The heat that gushes from the earth and the presence of surreal smoke inspired its founder Ingolfùr Arnarson, who gave it the name "Smoky Bay". Today, Reykjavík is a model for environmental, human and intellectual sustainability that is based on an increasingly rare concept: collaboration. Not surprisingly, the StressfulCity Index 2021, which gave the city 100 points out of 100, names it the best city in the world to live peacefully in.
Strange city, Reykjavík. It is the size of a country, with the spirit of a city. Its name means “Smoky Bay.” It was chosen by the founder Ingólfur Arnarson around approximately 870 AD due to the geothermal vapors that surround the area. The world as we know it does not exist in this borderland. Reykjavík represents the concrete outpost on the edge of an imaginary abstraction: it offers geographic solitude unknown to those living in continental Europe. However, it is also a place that attracts and draws you in.
Traveling along the only road that surrounds the entire island, also connecting the airport to the city, you immediately immerse yourself in the beauty of a foreign world, because the vitrified lava, the ice that plays with the arctic light, the wind that tears apart the great fjords, and the Northern Lights, seem out of this world. Nature found here is unlike anywhere else in the world and it makes Reykjavík absolutely unique. Perhaps it is because people with an airtight, ice-cold sense of humor live here.
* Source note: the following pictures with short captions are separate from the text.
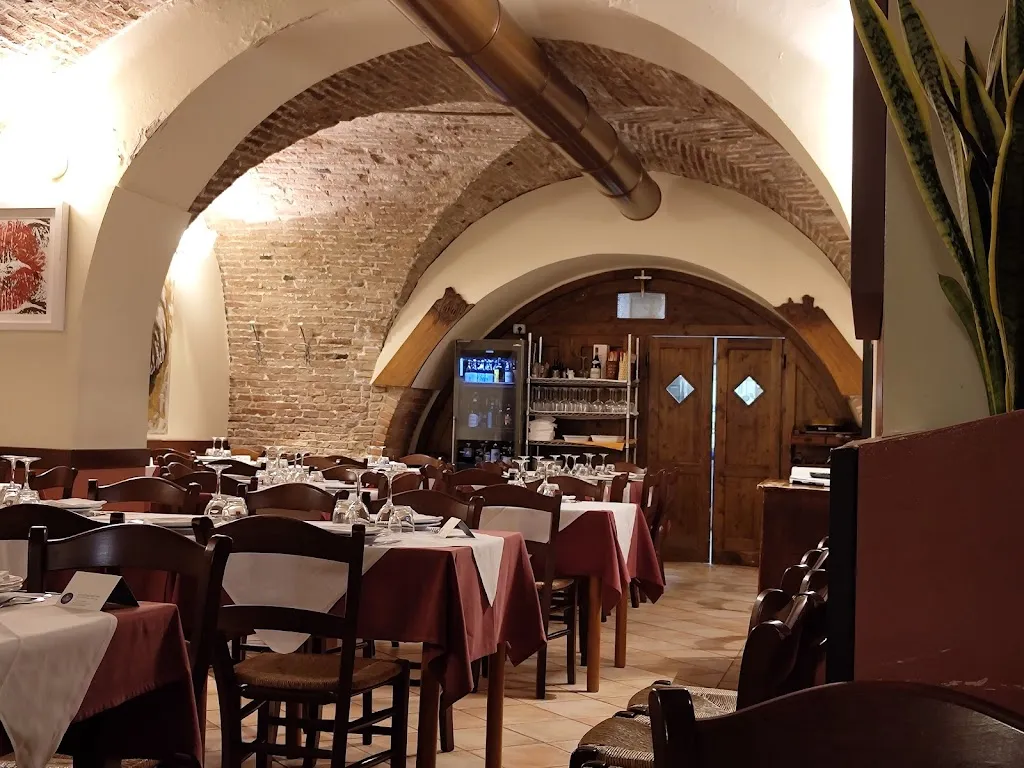 Chiostro Dell'avis_Mondolfo_slider_image_3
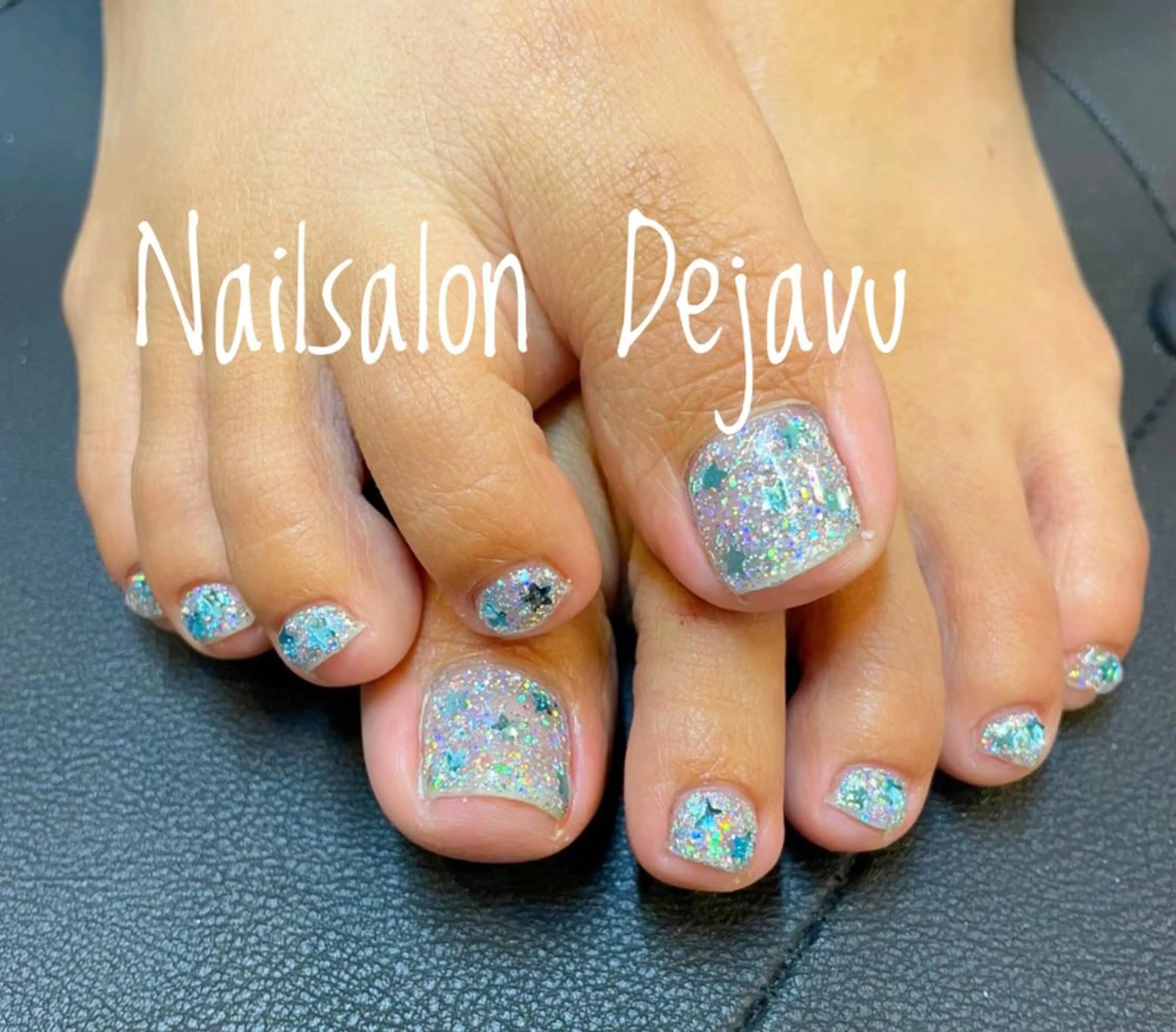 ネイル フットネイル キラキラネイル ハンドネイル Nailsalon Dejavu Yokosuka所属・Nailsalon Dejavuのネイルデザイン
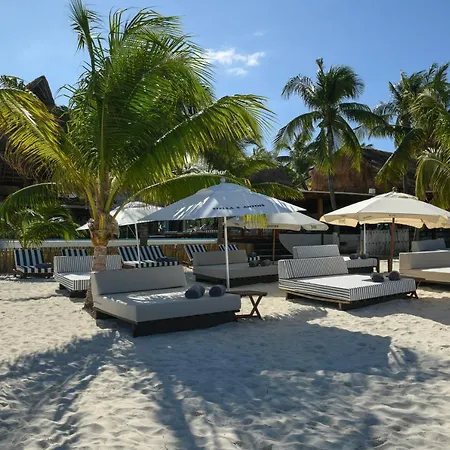 Casa Del Jaguar Beach Hotel-2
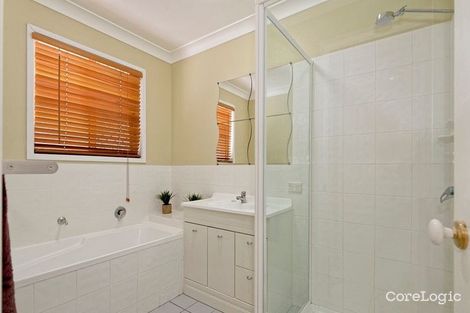 Property photo of 27 Woodtop Court Ferny Hills QLD 4055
That's because between the steamy and sulphurous hot springs and nightlife, Reykjavík really knows how to heat things up. The capital is a mix of colorful buildings, quirky characters, unconventional nightlife and a complex soul - it has pleasantly devastating effects on travelers from all over the world. Many fall madly in love with it. What's more, as soon as they return home, they plan to return as soon as possible.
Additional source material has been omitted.